Recent Reading: Prophet by Helen Macdonald and Sin Blaché

What is Prophet? Nature writer and essayist Helen Macdonald shocked the publishing world when they announced that their follow-up to books like H is for Hawk would be a science fiction novel co-written with debut author and musician Sin Blaché. In the novel, the titular substance, an accidental byproduct of superconductor research, violates the laws of physics and threatens to undermine reality itself. Prophet induces a state of extreme nostalgia, causing the people exposed to it to manifest objects of a sentimental and kitschy nature—cabbage patch dolls, board games, an entire 50s diner—with which they become entranced. But Prophet may also possess a degree of consciousness and intentionality, altering its behavior in response to the effects it has had, threatening to subsume all of humanity in longing for a past that may never have existed.

From that description, and the novel's pedigree, we might assume that Prophet is mainstream SF. The sort of book that reaches primarily for affect and ambiance, detaching terms from their concrete meaning, suspending readers in a kind of no-place and -time, the better to work through a literalized metaphor.

Well, no. It only takes a few pages of Prophet, with its clipped sentences, sterile, militaristic settings, and preoccupation with acronyms and brand names, to realize that Macdonald and Blaché are working in a completely different register. In these pages, we are introduced to Sunil Rao, a louche, sardonic British intelligence asset who is able to discern the truth of any statement. Imprisoned following a bout of drug addiction, a suicide attempt, and a violent altercation in rehab, Rao is seconded to an American army base in England, where unexplained objects have begun appearing and drawing people to them. Upon arrival, Rao discovers that he will be accompanied by his former handler, Air Force officer Adam Rubinstein, a taciturn, buttoned-down supersoldier who is the only person on whom Rao's power doesn't work.

So, then, Prophet is a technothriller. Beyond its emphasis on action scenes and conspiracy theories, what distinguishes the technothriller from the rest of the science fiction genre is that it usually isn't interested in exploring the implications of an SFnal conceit.

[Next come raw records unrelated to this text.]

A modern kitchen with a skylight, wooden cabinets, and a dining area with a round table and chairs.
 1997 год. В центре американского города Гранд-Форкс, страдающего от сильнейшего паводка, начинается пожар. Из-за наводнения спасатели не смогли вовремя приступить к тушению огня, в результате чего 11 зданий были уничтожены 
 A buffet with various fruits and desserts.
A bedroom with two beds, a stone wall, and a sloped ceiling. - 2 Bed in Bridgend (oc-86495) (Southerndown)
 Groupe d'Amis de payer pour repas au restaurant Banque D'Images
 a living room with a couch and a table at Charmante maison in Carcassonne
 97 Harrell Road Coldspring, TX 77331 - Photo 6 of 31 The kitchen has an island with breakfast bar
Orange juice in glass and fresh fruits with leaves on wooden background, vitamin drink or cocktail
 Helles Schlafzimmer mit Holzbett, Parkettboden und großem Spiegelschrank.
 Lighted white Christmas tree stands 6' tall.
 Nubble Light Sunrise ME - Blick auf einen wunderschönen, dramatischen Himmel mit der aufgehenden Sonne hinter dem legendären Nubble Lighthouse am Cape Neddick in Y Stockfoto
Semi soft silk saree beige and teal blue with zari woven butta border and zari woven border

Rather, it seeks to bring the otherwordly down to the level of the mundane, fitting it into familiar systems of bureaucracy and influence.

This feels closer to the mark. As Adam and Rao investigate Prophet, they discover a military contractor who has been conducting research into it, exposing unwitting test subjects and logging their responses—almost invariably, incurable catatonia; or, if separated from the object they've manifested, death—which they report on with terrifying equanimity. Before long, Adam and Rao are exposed to Prophet themselves. Their atypical responses, as well as the way they seem to influence the substance itself, make them attractive to the corporate and political forces who are interested in harnessing its capabilities.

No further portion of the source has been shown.